Bilderberg Conference 2016
Kai Frederik Lorentzen
lorentzen at hotmail.de
Wed Jun 8 04:10:22 CDT 2016
Airbus, Brexit, Kissinger ...
> ... Airbus is also responsible for an elaborate arrangement of bubble
tents and staging being put up in the courtyard of the hotel, according
to some of the workmen.
The aerospace manufacturer and seventh biggest arms company in the world
is a key player at Bilderberg 2016. Every year, a major corporation with
links to the Bilderberg steering committee coordinates security for the
event with the police: at Watford in 2013 it was Barclays. This year
it’s Airbus. Which makes the whole conference even more obviously the
corporate lobbying event that it is –with giant corporations handling
everything from security to dry ice. And it makes the silence of the
politicians who attend even more egregious.

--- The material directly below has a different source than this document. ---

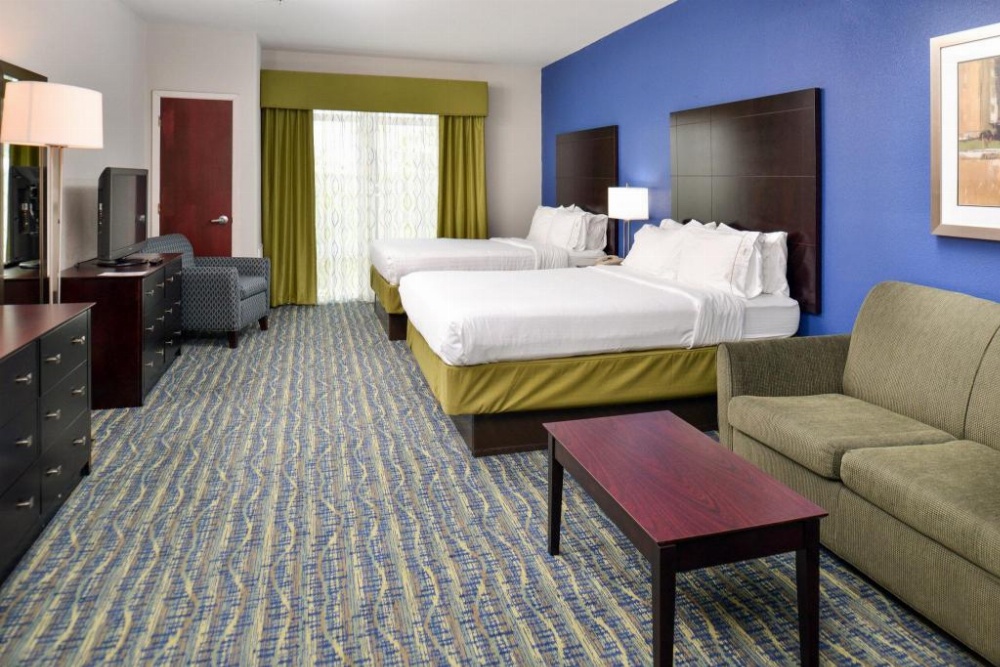 Holiday Inn Express & Suites San Antonio South Image 23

Even a cursory comparison between the guest list and the conference
agenda raises red flags. All those finance ministers sitting round
discussing the “geopolitics of energy and commodity prices” with the
group chief executive of BP, the vice-chairman of Portuguese petroleum
giant Galp Energia, and the CEO of Royal Dutch Shell. And then
afterwards saying nothing to their respective parliaments about what
they discussed. It’s so off-the-chart inappropriate that it beggars
comprehension.
On the subject of Royal Dutch Shell, the king of the Netherlands is due
to attend this year’s conference, replacing his mother, Beatrix, at the
heart of Bilderberg. Given his family’s long-standing interest in big
oil, King Willem-Alexander will doubtless have lots to talk about with
the Dutch environment minister, Sharon Dijksma.

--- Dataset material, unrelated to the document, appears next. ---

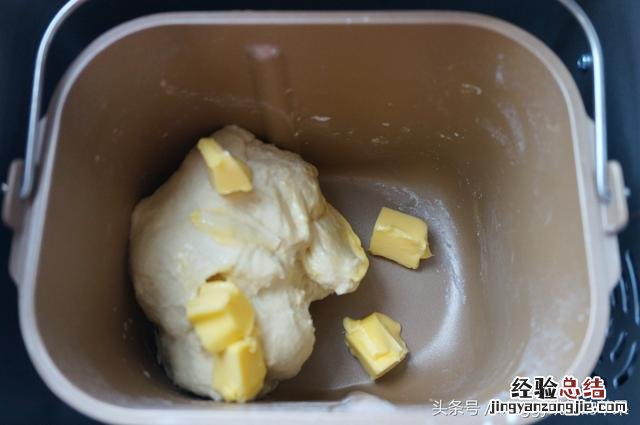 巧用面包机轻松做出柔软面包 面包机做面包的方法及配料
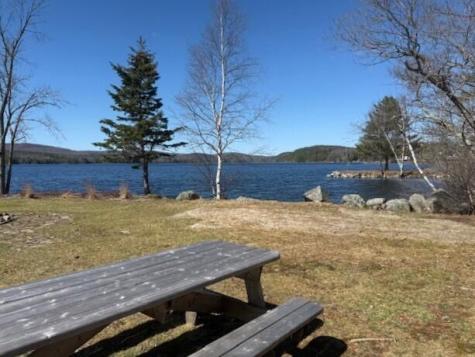 14 Lakeshore Drive Belgrade ME 04917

It’s great for everyone that these high-level talks between policymakers
and the heads of transnational oil companies get to take place in
heavily guarded privacy, with no press oversight whatsoever. Especially
great if you’re on the board of BP.
Like, for example, Sir John Sawers. As well as being a director of BP,
the silken, Blairish former MI6 boss is a member of Bilderberg’s
steering committee, and the chairman of Macro Advisory Partners, a
global advisory group with heavy links to the transatlantic intelligence
community, very much in the style of Kissinger Associates.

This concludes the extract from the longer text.